ABOUT THIS EXERCISE:
Output only the lines below that start at the line containing "Покрытие для водяного" and end at the line containing "(a-b)BM1과 (c-d)BM2의 LPSI로", with both ends kept.

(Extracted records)
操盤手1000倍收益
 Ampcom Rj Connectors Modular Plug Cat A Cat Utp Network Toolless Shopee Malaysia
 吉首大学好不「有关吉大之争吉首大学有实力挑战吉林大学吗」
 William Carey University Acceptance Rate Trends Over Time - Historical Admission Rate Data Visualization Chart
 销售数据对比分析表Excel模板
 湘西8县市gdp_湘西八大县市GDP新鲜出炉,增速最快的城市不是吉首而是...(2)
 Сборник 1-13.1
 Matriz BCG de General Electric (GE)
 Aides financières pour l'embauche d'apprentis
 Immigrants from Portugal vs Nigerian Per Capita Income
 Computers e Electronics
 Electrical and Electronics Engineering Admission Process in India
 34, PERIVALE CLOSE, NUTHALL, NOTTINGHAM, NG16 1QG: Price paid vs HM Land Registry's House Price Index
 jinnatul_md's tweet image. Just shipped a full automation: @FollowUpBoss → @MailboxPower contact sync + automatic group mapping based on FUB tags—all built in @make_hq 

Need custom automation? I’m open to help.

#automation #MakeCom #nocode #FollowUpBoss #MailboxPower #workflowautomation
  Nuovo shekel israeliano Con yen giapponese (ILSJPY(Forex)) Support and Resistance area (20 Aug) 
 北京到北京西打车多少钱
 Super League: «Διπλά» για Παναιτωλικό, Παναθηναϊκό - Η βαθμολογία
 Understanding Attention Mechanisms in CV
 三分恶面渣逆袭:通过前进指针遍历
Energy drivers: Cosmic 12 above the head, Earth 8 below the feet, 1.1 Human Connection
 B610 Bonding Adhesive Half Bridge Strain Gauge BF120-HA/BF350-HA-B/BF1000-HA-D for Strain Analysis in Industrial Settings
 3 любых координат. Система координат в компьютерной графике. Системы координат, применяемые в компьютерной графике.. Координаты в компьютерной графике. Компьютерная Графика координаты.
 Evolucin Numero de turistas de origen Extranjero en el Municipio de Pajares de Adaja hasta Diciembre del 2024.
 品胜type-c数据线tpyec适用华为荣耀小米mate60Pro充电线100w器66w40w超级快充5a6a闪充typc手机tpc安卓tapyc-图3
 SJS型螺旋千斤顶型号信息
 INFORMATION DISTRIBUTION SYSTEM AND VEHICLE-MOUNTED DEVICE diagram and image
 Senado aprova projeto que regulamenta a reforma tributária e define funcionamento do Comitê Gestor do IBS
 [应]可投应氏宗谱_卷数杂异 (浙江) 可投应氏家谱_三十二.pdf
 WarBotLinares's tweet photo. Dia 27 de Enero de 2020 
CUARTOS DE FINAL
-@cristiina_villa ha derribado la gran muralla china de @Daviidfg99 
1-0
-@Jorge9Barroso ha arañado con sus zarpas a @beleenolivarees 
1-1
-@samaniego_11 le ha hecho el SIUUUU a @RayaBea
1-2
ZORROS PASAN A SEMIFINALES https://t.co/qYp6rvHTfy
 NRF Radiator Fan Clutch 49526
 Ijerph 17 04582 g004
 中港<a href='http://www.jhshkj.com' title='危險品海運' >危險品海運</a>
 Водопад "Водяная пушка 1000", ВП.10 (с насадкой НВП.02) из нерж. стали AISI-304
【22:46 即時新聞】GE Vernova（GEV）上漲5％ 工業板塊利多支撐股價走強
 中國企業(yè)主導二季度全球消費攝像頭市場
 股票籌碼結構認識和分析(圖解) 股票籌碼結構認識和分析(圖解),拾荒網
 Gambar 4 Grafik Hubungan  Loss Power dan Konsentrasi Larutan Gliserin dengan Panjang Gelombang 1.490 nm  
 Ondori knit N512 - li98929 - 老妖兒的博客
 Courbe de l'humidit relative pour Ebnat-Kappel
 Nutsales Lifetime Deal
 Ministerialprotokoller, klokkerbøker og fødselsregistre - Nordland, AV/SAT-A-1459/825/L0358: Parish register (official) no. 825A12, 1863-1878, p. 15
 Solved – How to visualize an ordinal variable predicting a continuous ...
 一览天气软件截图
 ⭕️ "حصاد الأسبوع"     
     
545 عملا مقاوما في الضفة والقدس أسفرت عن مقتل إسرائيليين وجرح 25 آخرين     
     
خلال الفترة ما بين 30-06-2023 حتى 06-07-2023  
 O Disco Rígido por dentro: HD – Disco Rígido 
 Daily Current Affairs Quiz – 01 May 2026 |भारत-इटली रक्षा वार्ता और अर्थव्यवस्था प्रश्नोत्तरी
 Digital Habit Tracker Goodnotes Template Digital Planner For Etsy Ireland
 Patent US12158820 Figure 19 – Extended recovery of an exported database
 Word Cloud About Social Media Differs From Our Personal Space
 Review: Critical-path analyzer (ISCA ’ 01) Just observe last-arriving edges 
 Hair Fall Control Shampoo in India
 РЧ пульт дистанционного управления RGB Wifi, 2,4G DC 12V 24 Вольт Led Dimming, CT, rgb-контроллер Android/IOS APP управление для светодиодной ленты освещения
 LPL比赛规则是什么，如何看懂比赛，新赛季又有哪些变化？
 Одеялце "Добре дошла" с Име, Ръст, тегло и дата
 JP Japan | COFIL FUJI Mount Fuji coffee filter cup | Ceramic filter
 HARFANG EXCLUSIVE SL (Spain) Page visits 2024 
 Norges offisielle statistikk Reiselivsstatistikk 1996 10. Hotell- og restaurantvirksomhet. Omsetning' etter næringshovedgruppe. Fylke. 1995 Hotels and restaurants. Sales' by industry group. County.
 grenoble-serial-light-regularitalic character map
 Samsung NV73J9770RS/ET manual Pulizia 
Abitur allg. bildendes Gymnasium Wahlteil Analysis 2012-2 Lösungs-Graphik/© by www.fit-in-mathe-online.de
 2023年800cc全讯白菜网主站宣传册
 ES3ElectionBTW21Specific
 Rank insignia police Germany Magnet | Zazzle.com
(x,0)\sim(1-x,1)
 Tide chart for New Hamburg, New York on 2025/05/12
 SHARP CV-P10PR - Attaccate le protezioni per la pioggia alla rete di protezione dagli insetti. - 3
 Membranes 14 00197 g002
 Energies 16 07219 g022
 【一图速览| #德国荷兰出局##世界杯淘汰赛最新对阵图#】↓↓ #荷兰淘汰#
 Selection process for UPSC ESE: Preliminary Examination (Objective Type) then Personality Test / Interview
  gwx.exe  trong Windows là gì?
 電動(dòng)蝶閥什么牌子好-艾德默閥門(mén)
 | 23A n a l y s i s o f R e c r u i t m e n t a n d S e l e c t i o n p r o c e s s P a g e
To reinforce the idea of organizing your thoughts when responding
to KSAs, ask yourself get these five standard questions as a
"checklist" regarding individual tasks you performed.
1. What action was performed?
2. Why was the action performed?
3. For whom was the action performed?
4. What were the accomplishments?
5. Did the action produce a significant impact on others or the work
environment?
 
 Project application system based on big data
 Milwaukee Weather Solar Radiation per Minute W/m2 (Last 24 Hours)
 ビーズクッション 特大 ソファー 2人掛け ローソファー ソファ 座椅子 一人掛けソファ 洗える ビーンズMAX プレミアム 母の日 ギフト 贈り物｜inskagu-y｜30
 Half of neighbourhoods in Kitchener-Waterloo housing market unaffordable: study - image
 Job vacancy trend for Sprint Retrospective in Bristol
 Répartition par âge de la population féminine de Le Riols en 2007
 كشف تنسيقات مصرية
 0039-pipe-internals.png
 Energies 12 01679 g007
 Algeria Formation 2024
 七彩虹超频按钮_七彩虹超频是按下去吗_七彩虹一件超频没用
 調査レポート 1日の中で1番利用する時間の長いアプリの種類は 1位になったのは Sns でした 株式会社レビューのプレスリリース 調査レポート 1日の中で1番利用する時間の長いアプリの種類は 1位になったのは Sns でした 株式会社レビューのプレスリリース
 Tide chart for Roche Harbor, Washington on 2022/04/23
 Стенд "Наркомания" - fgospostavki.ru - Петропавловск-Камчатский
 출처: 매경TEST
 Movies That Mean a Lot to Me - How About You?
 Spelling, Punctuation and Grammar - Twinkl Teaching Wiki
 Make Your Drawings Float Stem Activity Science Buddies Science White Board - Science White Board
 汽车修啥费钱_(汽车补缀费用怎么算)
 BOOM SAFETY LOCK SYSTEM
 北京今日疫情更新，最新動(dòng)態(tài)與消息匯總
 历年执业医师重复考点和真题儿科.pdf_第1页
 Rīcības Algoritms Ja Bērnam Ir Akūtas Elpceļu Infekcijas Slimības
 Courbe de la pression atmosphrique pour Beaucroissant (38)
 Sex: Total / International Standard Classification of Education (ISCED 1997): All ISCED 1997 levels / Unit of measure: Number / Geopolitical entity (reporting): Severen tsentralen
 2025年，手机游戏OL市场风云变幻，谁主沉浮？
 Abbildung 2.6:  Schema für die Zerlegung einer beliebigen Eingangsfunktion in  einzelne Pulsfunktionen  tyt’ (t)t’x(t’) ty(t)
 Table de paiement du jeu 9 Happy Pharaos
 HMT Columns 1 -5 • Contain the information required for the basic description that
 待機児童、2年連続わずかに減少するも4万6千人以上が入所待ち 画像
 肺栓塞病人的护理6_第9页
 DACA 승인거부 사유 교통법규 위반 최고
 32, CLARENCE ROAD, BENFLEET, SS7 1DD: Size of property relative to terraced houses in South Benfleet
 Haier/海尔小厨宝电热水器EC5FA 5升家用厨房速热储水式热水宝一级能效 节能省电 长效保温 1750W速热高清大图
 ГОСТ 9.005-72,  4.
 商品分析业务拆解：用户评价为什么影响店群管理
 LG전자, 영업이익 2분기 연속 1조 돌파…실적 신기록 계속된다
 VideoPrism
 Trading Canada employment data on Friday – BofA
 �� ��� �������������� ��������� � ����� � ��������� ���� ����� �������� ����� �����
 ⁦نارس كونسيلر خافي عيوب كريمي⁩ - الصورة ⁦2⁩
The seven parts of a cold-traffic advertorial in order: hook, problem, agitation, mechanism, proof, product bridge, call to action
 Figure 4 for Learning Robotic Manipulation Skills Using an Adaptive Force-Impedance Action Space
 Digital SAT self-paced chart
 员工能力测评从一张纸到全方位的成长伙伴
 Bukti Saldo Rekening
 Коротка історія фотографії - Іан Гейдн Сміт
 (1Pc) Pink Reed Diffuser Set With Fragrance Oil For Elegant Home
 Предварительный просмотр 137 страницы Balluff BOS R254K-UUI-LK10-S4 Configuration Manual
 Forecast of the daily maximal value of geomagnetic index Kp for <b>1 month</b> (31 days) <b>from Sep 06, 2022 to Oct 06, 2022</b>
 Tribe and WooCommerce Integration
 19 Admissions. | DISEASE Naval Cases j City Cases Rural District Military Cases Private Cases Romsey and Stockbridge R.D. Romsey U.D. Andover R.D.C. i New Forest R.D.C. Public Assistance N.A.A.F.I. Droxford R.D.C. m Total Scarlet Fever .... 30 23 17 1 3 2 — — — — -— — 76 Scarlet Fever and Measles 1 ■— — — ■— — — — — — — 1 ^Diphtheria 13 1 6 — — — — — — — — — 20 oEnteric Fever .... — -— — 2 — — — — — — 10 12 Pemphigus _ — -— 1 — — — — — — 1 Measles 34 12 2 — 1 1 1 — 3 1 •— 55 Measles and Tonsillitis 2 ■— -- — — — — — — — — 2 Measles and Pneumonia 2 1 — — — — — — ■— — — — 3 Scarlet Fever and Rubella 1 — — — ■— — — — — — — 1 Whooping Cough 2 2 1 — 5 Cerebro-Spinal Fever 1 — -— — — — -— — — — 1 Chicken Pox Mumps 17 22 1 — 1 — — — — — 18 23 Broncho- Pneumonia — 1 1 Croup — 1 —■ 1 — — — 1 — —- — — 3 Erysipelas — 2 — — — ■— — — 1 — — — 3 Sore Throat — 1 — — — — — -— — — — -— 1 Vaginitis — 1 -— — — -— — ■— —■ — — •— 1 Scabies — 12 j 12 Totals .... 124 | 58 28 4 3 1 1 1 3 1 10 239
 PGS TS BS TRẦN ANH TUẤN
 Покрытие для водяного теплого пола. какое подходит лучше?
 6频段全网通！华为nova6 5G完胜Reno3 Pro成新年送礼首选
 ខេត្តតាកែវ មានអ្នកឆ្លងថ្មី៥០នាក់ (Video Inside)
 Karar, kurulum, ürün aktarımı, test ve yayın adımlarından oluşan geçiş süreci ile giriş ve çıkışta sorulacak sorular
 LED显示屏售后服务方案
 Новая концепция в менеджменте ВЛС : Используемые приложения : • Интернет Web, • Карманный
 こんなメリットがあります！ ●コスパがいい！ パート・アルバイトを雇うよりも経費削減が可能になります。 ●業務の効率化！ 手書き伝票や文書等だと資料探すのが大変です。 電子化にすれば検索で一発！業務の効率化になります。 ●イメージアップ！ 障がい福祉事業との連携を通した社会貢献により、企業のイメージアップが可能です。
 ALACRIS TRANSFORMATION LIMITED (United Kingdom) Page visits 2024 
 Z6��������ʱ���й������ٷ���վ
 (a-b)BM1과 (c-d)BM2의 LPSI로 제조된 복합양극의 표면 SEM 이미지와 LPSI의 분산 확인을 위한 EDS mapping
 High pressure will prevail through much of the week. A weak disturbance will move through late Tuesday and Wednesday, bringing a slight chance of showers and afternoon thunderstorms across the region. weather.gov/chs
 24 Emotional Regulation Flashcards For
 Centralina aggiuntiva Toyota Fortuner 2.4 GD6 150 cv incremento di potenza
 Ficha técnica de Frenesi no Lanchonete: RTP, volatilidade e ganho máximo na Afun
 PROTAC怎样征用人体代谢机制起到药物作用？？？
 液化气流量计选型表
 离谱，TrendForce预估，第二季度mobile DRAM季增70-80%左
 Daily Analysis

EXERCISE RESULT:
 Покрытие для водяного теплого пола. какое подходит лучше?
 6频段全网通！华为nova6 5G完胜Reno3 Pro成新年送礼首选
 ខេត្តតាកែវ មានអ្នកឆ្លងថ្មី៥០នាក់ (Video Inside)
 Karar, kurulum, ürün aktarımı, test ve yayın adımlarından oluşan geçiş süreci ile giriş ve çıkışta sorulacak sorular
 LED显示屏售后服务方案
 Новая концепция в менеджменте ВЛС : Используемые приложения : • Интернет Web, • Карманный
 こんなメリットがあります！ ●コスパがいい！ パート・アルバイトを雇うよりも経費削減が可能になります。 ●業務の効率化！ 手書き伝票や文書等だと資料探すのが大変です。 電子化にすれば検索で一発！業務の効率化になります。 ●イメージアップ！ 障がい福祉事業との連携を通した社会貢献により、企業のイメージアップが可能です。
 ALACRIS TRANSFORMATION LIMITED (United Kingdom) Page visits 2024 
 Z6��������ʱ���й������ٷ���վ
 (a-b)BM1과 (c-d)BM2의 LPSI로 제조된 복합양극의 표면 SEM 이미지와 LPSI의 분산 확인을 위한 EDS mapping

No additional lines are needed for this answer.